Request Review of draft-ietf-ice-dualstack-fairness
Requested revision No specific revision (document currently at 07)
Type Last Call Review
Team Security Area Directorate (secdir)
Deadline 2016-07-08
Requested 2016-06-30
Authors Paal-Erik Martinsen , Tirumaleswar Reddy.K , Prashanth Patil
I-D last updated 2016-07-14
Completed reviews Genart Last Call review of -03 by Meral Shirazipour (diff)
Genart Last Call review of -03 by Meral Shirazipour (diff)
Genart Telechat review of -07 by Meral Shirazipour
Secdir Last Call review of -03 by Charlie Kaufman (diff)
Opsdir Last Call review of -02 by Tim Chown (diff)
Assignment Reviewer Charlie Kaufman
State Completed
Request Last Call review on draft-ietf-ice-dualstack-fairness by Security Area Directorate Assigned
Reviewed revision 03 (document currently at 07)
Result Has nits
Completed 2016-07-14
review-ietf-ice-dualstack-fairness-03-secdir-lc-kaufman-2016-07-14-00

I have reviewed this document as part of the security directorate's ongoing
effort to review all IETF documents being processed by the IESG. These comments
were written primarily for the benefit of the security area directors. Document
editors and WG chairs
 should treat these comments just like any other last call comments.

I don't believe this proposal raises any security concerns. It has a short
Security Considerations section containing information relevant to ICE but not
to this proposed modification.

This document proposes a modification to RFC5245bis (which specifies a protocol
for NAT traversal). When trying to establish a connection through a NAT, there
are a number of different techniques that can be used, some of which will work
and some of which will
 not work depending on the characteristics of the NAT and other aspects of the
 environment. RFC5245 specifies an enumeration of such techniques and specifies
 an order in which they should be attempted.

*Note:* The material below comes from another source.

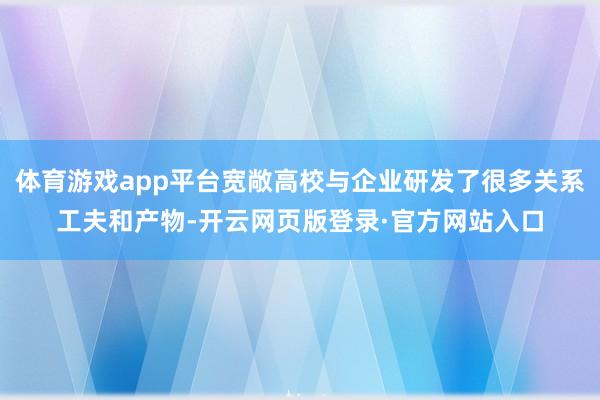 体育游戏app平台宽敞高校与企业研发了很多关系工夫和产物-开云网页版登录·官方网站入口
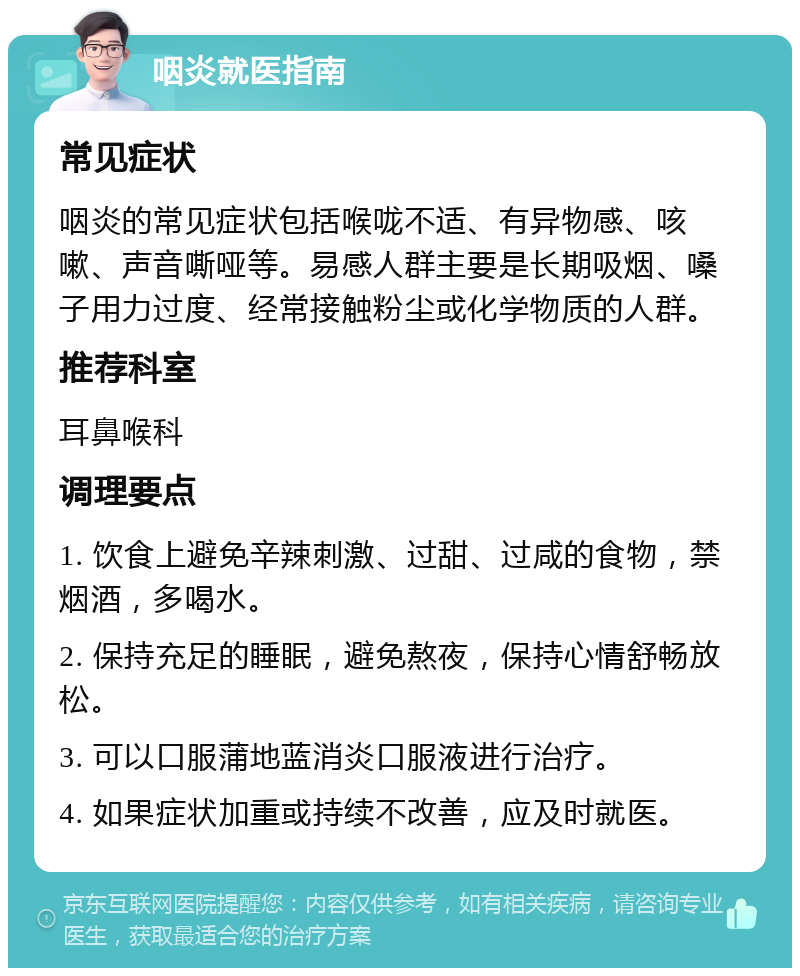 咽炎就医指南 常见症状 咽炎的常见症状包括喉咙不适、有异物感、咳嗽、声音嘶哑等。易感人群主要是长期吸烟、嗓子用力过度、经常接触粉尘或化学物质的人群。 推荐科室 耳鼻喉科 调理要点 1. 饮食上避免辛辣刺激、过甜、过咸的食物，禁烟酒，多喝水。 2. 保持充足的睡眠，避免熬夜，保持心情舒畅放松。 3. 可以口服蒲地蓝消炎口服液进行治疗。 4. 如果症状加重或持续不改善，应及时就医。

Apparently, there are problems in real world deployments where there are a
large number of possible NAT traversal techniques and checking them in the
order prescribed by RFC5245bis results in long delays and sometimes connection
failures based on timeouts.
 This document proposes changing the order in order to get better performance
 and reliability. It makes no other changes to the protocol.

Detailed review:

I'm not an ICE expert, so some of these comments may be completely misguided.
Take them for whatever they may be worth.

I don't think "fairness" is the right term in this context. The goal is not a
fair division of resources between different clients or even any sort of
balance between use of IPv4 and IPv6. If many different connectivity mechanisms
worked, the preferred mechanism
 would be (I assume) the one computed using the formula in RFC5245bis. The
 problem is that checking all of the mechanisms in order to too time consuming,
 and there is a desire to check (and settle on) techniques more likely to work
 ahead of techniques less likely to work but more optimal if they do (in
 particular, checking some IPv4 based techniques before all of the IPv6 based
 techniques have been tried).

Section 5 says:

> ICE [I-D.ietf-ice-rfc5245bis] section 4.1.2.2 has guidelines for how

> the type preference and local preference value should be chosen.

> Instead of having a static local preference value for IPv4 and IPv6

> addresses, it is possible to choose this value dynamically in such a

> way that IPv4 and IPv6 address candidate priorities end up

> intermingled within the same candidate type. It is also possible to

> assign lower priorities to IP addresses derived from unreliable

> interfaces using the local preference value.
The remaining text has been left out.